GROUP BY is the normal way you "strip out values that are the same". If you group by ID and Date, you will get one row in your result for each distinct pair of values in those two columns. Each row in the results represents ALL the rows in the underlying table, and aggregate functions like MIN, MAX, etc. can pull out values.
SELECT id, date, MAX(owes) as MaxOwes, MIN(owes) as minOwes
FROM myFavoriteTable
GROUP BY id, date
In SQL Server 2005 there are "windowing functions" that allow you to use aggregate functions on groups of records, without grouping. An example below. You will get one row for each row in the table:
SELECT id, date, owes,
MAX(Owes) over (PARTITION BY select, id) AS MaxOwes,
MIN(Owes) over (PARTITION BY select, id) AS MinOwes
FROM myfavoriteTable
If you name a column "MinOwes" it might sound like you're just fishing tho.

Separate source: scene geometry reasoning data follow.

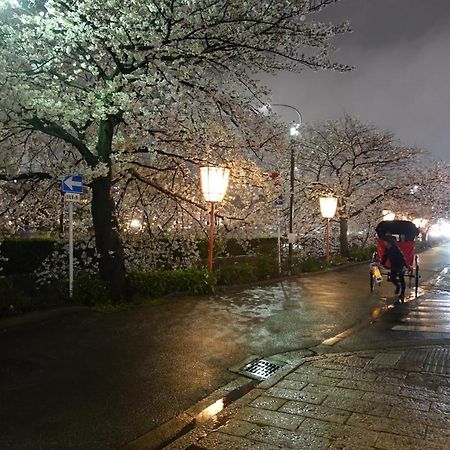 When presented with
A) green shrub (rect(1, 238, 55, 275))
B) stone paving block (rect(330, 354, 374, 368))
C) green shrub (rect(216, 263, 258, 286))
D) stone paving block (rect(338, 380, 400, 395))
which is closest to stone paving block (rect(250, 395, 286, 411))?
stone paving block (rect(338, 380, 400, 395))

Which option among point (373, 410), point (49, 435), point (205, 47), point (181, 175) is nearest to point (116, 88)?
point (205, 47)

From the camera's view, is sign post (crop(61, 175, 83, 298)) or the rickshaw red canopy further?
the rickshaw red canopy

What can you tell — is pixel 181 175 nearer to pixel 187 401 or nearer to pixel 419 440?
pixel 187 401

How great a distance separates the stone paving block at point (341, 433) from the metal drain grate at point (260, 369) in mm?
1579

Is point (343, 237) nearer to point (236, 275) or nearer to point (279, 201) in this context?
point (279, 201)

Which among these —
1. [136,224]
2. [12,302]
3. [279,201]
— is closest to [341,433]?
[12,302]

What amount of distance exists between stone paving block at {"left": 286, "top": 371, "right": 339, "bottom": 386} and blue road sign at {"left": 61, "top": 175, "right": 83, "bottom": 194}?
20.7 ft

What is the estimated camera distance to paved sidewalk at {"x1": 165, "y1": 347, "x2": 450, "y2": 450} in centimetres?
391

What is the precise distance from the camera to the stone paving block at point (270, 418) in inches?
167

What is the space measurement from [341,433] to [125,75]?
7.76m

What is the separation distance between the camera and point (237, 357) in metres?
6.66

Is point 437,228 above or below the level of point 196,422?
above

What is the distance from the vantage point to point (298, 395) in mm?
5020

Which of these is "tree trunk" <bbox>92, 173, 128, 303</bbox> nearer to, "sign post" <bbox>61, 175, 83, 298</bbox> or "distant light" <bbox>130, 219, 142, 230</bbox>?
"sign post" <bbox>61, 175, 83, 298</bbox> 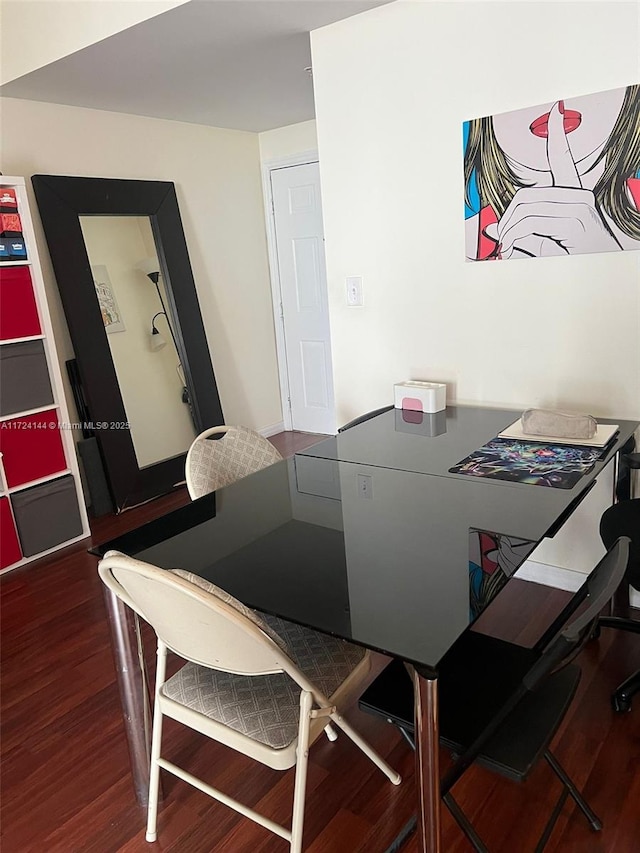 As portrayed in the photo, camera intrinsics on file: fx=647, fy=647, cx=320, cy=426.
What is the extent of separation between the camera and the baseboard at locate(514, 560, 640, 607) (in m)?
2.65

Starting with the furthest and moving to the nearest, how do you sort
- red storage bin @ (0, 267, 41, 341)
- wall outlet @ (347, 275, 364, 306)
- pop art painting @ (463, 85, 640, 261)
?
1. red storage bin @ (0, 267, 41, 341)
2. wall outlet @ (347, 275, 364, 306)
3. pop art painting @ (463, 85, 640, 261)

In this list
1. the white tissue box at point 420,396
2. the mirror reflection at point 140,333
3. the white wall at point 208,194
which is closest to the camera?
the white tissue box at point 420,396

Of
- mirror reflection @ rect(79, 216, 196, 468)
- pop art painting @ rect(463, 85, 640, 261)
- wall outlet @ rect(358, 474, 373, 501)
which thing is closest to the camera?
wall outlet @ rect(358, 474, 373, 501)

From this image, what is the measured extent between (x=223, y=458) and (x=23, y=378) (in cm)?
157

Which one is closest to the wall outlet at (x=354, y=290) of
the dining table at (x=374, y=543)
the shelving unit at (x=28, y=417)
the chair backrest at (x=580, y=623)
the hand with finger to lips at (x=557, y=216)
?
the hand with finger to lips at (x=557, y=216)

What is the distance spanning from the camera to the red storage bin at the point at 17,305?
3.12m

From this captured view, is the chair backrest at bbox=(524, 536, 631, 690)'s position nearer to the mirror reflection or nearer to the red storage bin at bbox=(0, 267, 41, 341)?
the red storage bin at bbox=(0, 267, 41, 341)

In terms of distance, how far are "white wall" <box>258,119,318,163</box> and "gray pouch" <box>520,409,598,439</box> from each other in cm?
307

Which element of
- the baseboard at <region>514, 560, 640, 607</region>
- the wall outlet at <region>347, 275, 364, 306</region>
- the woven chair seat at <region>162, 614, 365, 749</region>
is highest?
the wall outlet at <region>347, 275, 364, 306</region>

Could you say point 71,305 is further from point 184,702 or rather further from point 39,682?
point 184,702

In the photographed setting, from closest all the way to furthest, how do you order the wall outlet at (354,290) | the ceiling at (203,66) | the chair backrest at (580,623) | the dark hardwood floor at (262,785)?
the chair backrest at (580,623), the dark hardwood floor at (262,785), the ceiling at (203,66), the wall outlet at (354,290)

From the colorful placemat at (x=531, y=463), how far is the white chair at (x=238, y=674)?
668 mm

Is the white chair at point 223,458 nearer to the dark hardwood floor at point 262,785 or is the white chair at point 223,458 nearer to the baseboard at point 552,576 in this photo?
the dark hardwood floor at point 262,785

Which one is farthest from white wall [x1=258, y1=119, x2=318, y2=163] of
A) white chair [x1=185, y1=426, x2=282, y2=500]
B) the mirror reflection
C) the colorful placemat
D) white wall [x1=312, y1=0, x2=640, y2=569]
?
the colorful placemat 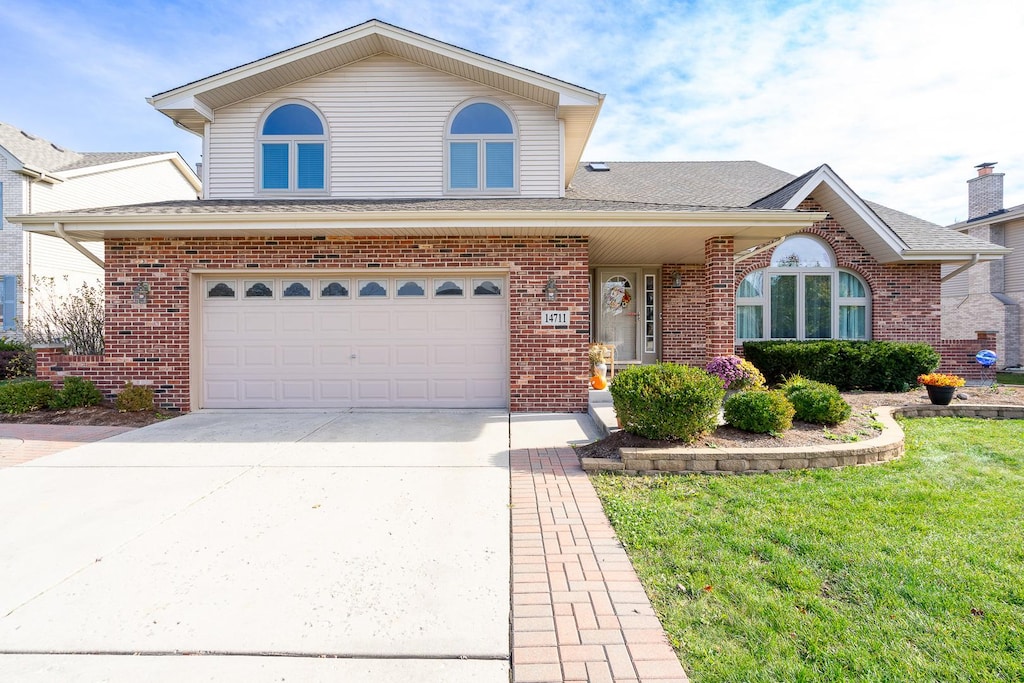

If you want to group by date you can't also group by ID, too, because ID is probably unique. Try:
Select ,Date
,Min(Owed) AS min_date
,Max(Owed) AS max_date
From #Temp
Group by Date
Order By Date
To get additional values from the row (your question is a bit vague there), you could utilize window functions:
SELECT DISTINCT
,Date
,first_value(ID) OVER (PARTITION BY Date ORDER BY Owed) AS min_owed_ID
,last_value(ID) OVER (PARTITION BY Date ORDER BY Owed) AS max_owed_ID
,first_value(Owed) OVER (PARTITION BY Date ORDER BY Owed) AS min_owed
,last_value(Owed) OVER (PARTITION BY Date ORDER BY Owed) AS max_owed
FROM #Temp
ORDER BY Date;